- Citizenship: Welsh
- Occupation: TV Presenter
- Years active: 2001-present
- Known for: presenter of the S4C European football show, Sgorio.

= Morgan Jones (broadcaster) =

Welsh television presenter

Morgan Jones is a Welsh television presenter who started his career in 2001. He is best known for his role as the presenter of the S4C European football show, Sgorio.

== Career ==
Morgan Jones started his career in 2001 as presenter for S4C European football show, Sgorio.
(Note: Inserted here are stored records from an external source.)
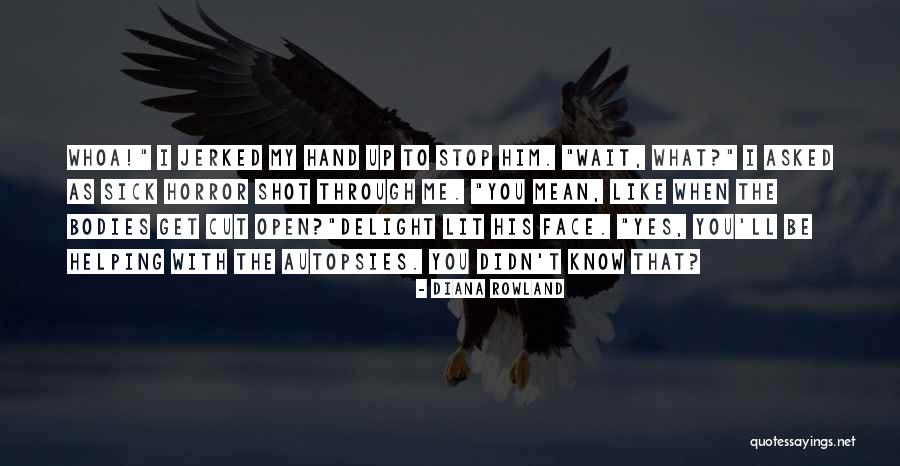 Jamel Aka Jamal Quotes By Diana Rowland Jamel Aka Jamal Quotes By Diana Rowland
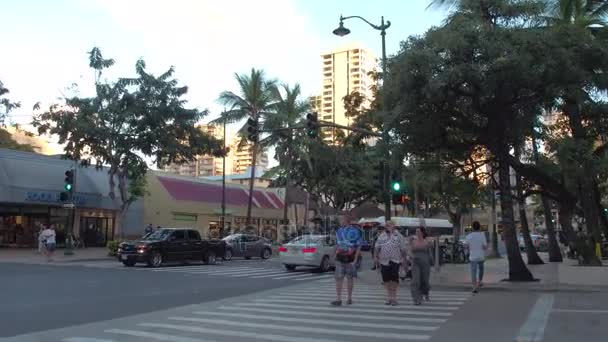 Day life on streets of Waikiki — Stock Video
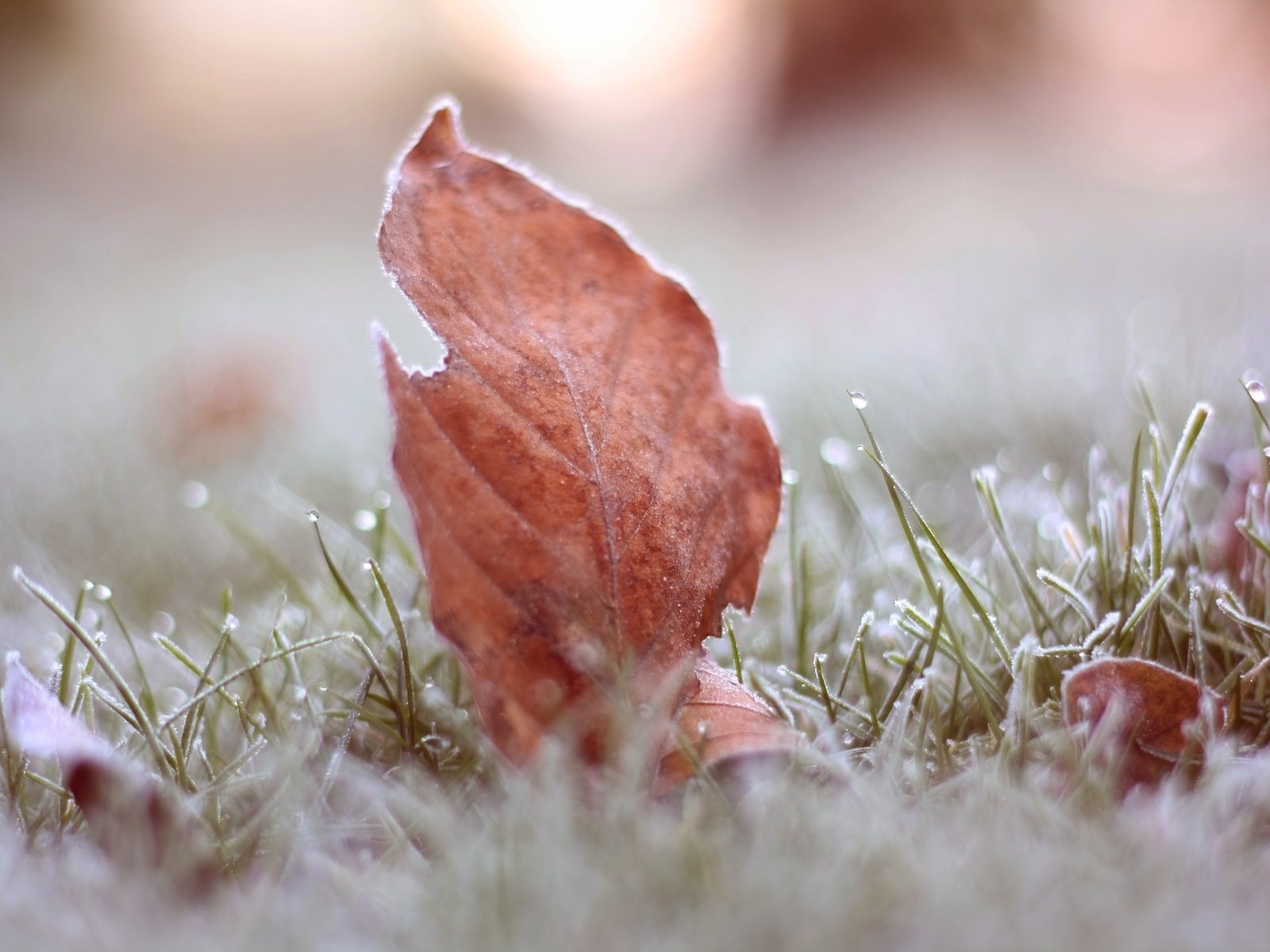 Обои трава, листья, макро, иней, осень, grass, leaves, macro, frost, autumn разрешение 3888x2592 Загрузить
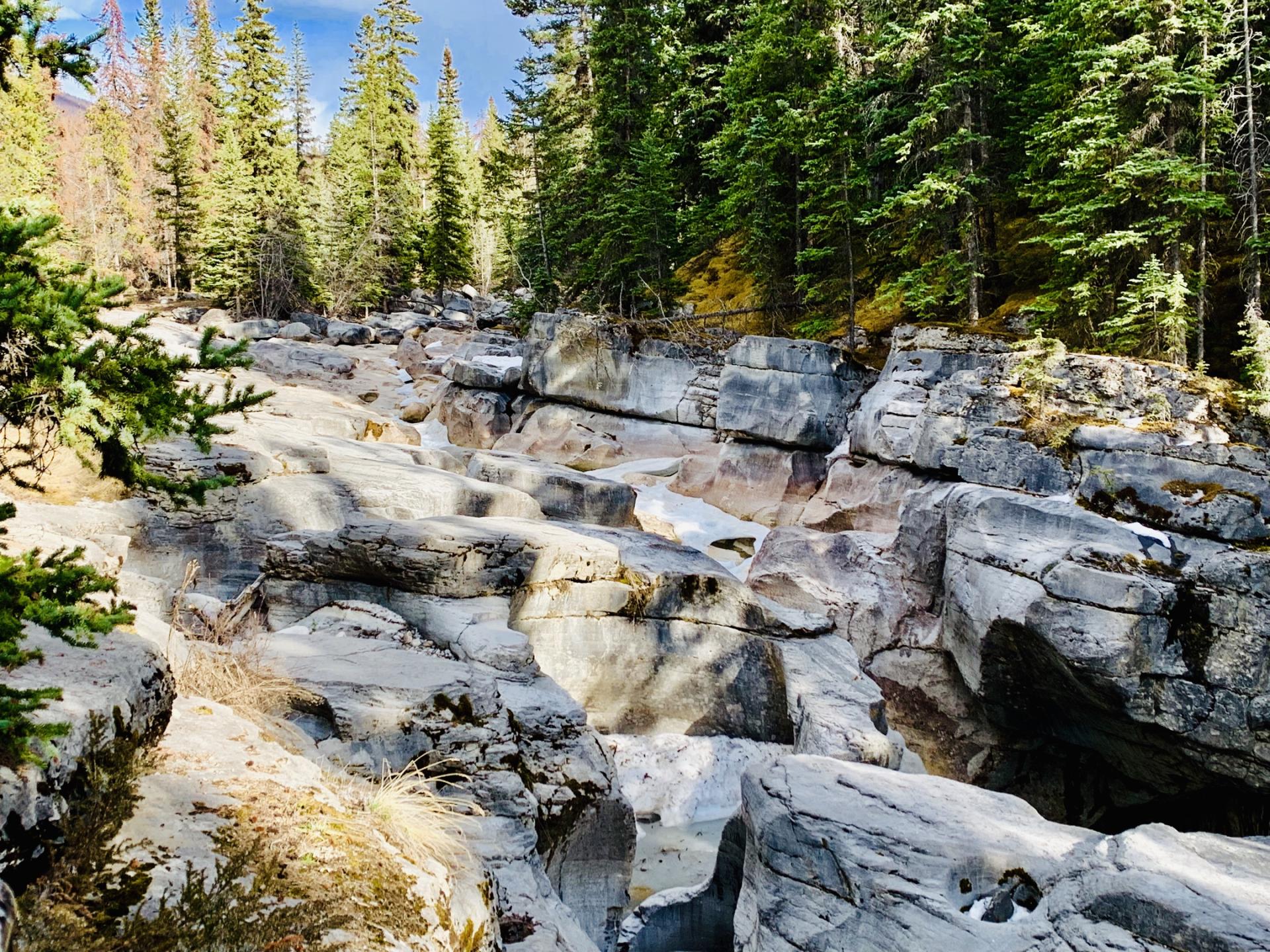 红束带蛇,红边束带蛇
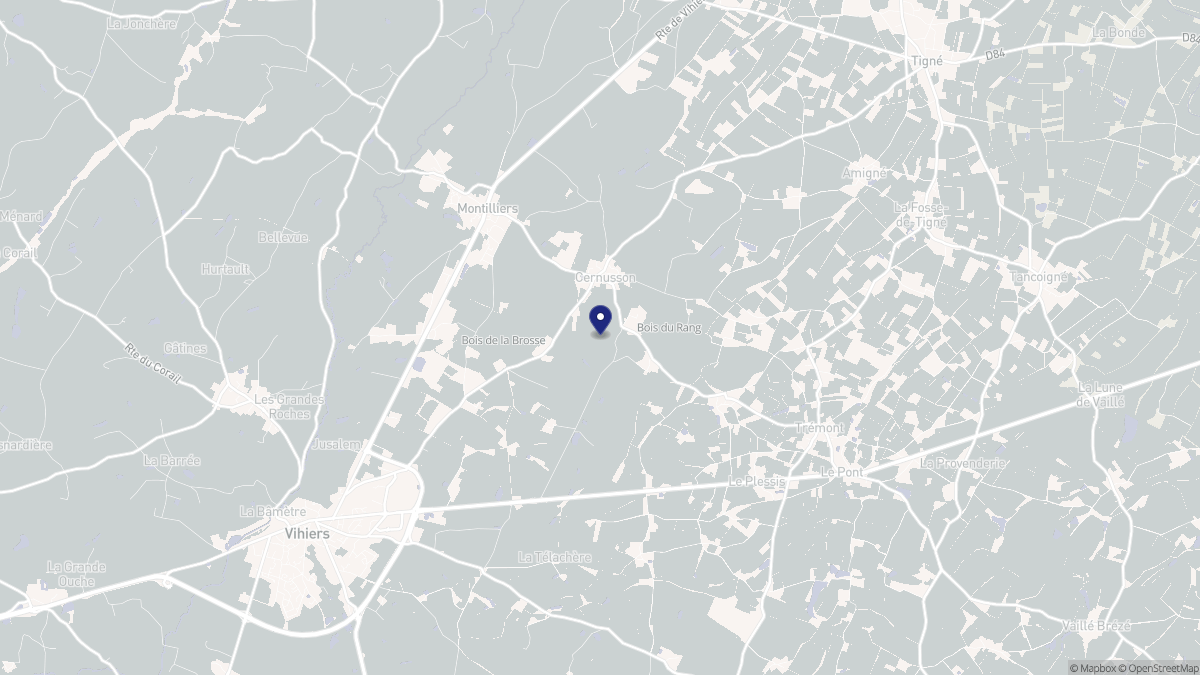 Aperçu cartographique de Cernusson, centré sur la commune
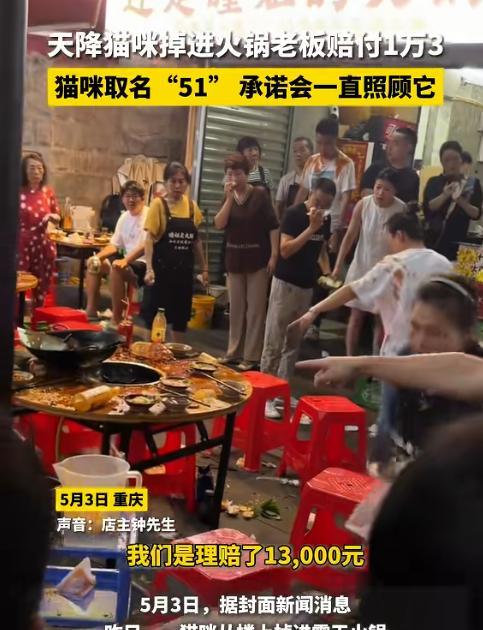 重庆一家露天火锅店，很多顾客正在用餐，突然一只猫咪从楼上掉进火锅热汤里，正在用餐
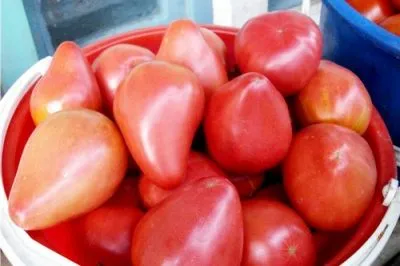 Cele mai bune soiuri de tomate într-o seră pentru Siberia în teren deschis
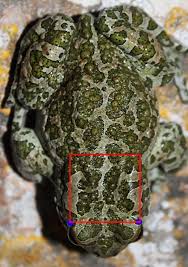 Attēlu rezultāti vaicājumam “Pseudepidalea viridis adult”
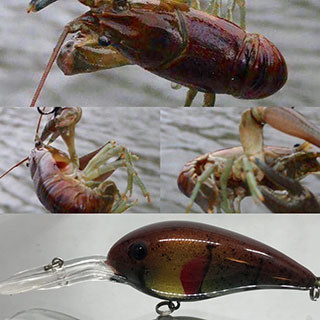 Red Rusty Craw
His general interest in sport has seen him present the Snowdon Race and the Snowdonia Marathon for many years.
He has also presented live broadcasts for many years covering Wales's major cultural events including the National Eisteddfod, the Urdd Eisteddfod, the Llangollen International Eisteddfod and the Royal Welsh show. And the 'Digwyddiadau' series took him to various events around the country for many years.

He has a musical background, and this gave him the opportunity to present the 'Côr Cymru' and 'Band Cymru' competitions with Rondomedia. He also presents the Cardiff Singers Competition and has frequently presented the Bryn Terfel Scholarship.
Morgan also presented the TV quiz programmes "0 ond 1" and Tipit with Alex Jones.

In 2019, he was the commentator for Eurovision Choir 2019 in Sweden.